On 15 Jan, Stickies Bar closed its outlets in Aljunied and Keng Cheow Street, laying off more than 30 employees.

Stickies Bar Abruptly Closes Outlets, Employees File Complaints Of Late Wages

One of the directors of the company, Norman Then, told the media at the time that Stickies has appointed an interim judicial manager (IJM).

He also responded to queries from MS News on 26 Jan, confirming that Stickies has engaged insolvency practitioner Mr Faroq Mann from Mann & Associates as its interim judicial manager.

This is to protect the going concerns of the business and to look out for the best interest of all the creditors including the staff, he said.

“Stickies is determined to do right by all stakeholders and we hope to have the public’s support by their patronage at our outlet that is still running at Dhoby Ghaut.”

The Tripartite Alliance for Dispute Management (TADM) and Ministry of Manpower (MOM) have confirmed that they received claims from 37 employees regarding outstanding wages and late CPF contributions.

Company had issues paying staff since 2023

A, a HR staff at Stickies who wants to remain anonymous, said that the company was late in paying their employees for a large part of 2023. 

“The pay started coming in a week late, and eventually, finding our salary was like playing peek-a-boo,” she said wryly. She has worked at Stickies since July 2022.

Source: Unsplash, for illustration purposes only.

One of Stickies’ finance personnel, who wishes to go by B, concurred.

“I joined in March 2023, but I could see in the books that the housekeeping of such matters has always been on the borderline.” 

B highlighted that by law, a company has to pay their employees within seven days after the end of the salary period.

However, there were instances where Stickies paid its staff later than this window due to cashflow issues, she disclosed. 

“Towards mid- to end-2023, it started to seem like it was progressively getting harder to meet the deadline,” B added. 

As HR and finance are on the frontlines of wage-related matters, A explained that it is precisely because of this that they are also “bearing the brunt” of the rest of the staff’s feedback, on top of not receiving their own pay. 

“Some employees might think that it is HR and finance who are not paying them, but actually it was beyond all our control.”

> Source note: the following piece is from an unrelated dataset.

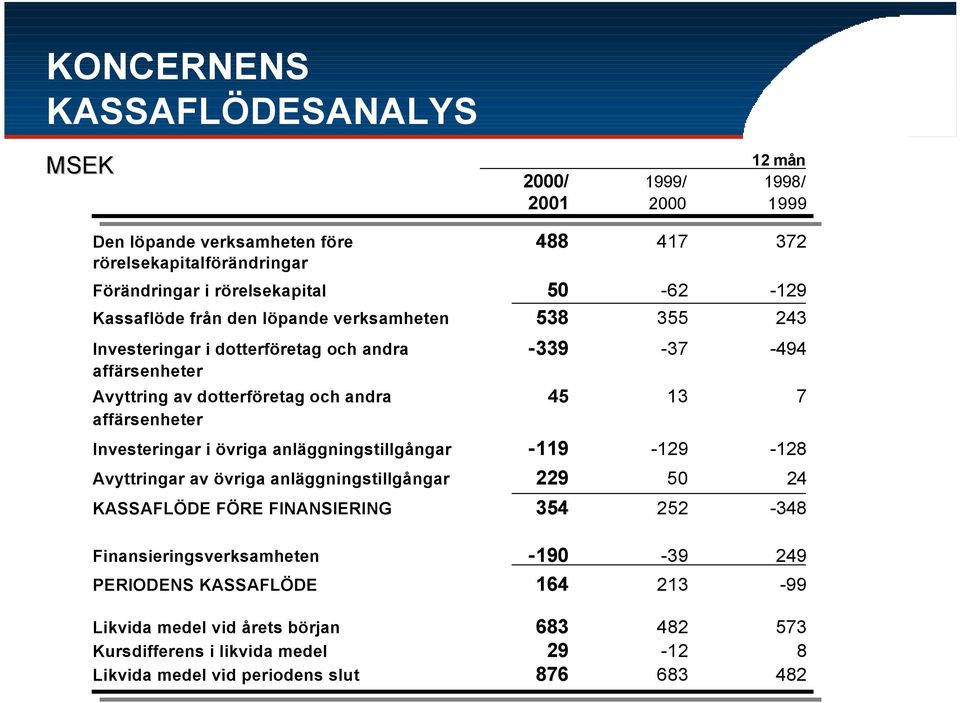 affärsenheter Investeringar i övriga anläggningstillgångar -119-129 -128 Avyttringar av övriga anläggningstillgångar 229 50 24 KASSAFLÖDE FÖRE FINANSIERING 354 252-348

Stickies owners reportedly told employees investors were coming in & told them to bear with the late salaries

Initially, the staff tried to be understanding of the situation and trusted that the directors, Norman Then and Chong Sing Yong (Sino), would eventually pay them, A said. 

Source: Norman Then (left) on Facebook and Sino Ethan Chong on Facebook

She added that many employees decided to stay with the company because the bosses would urge them to bear with the situation as they are getting new investors onboard.

A recalled a particular incident involving wages for November 2023. She claimed some staff received November’s salary on 4 Dec, while others received it on 18 Dec.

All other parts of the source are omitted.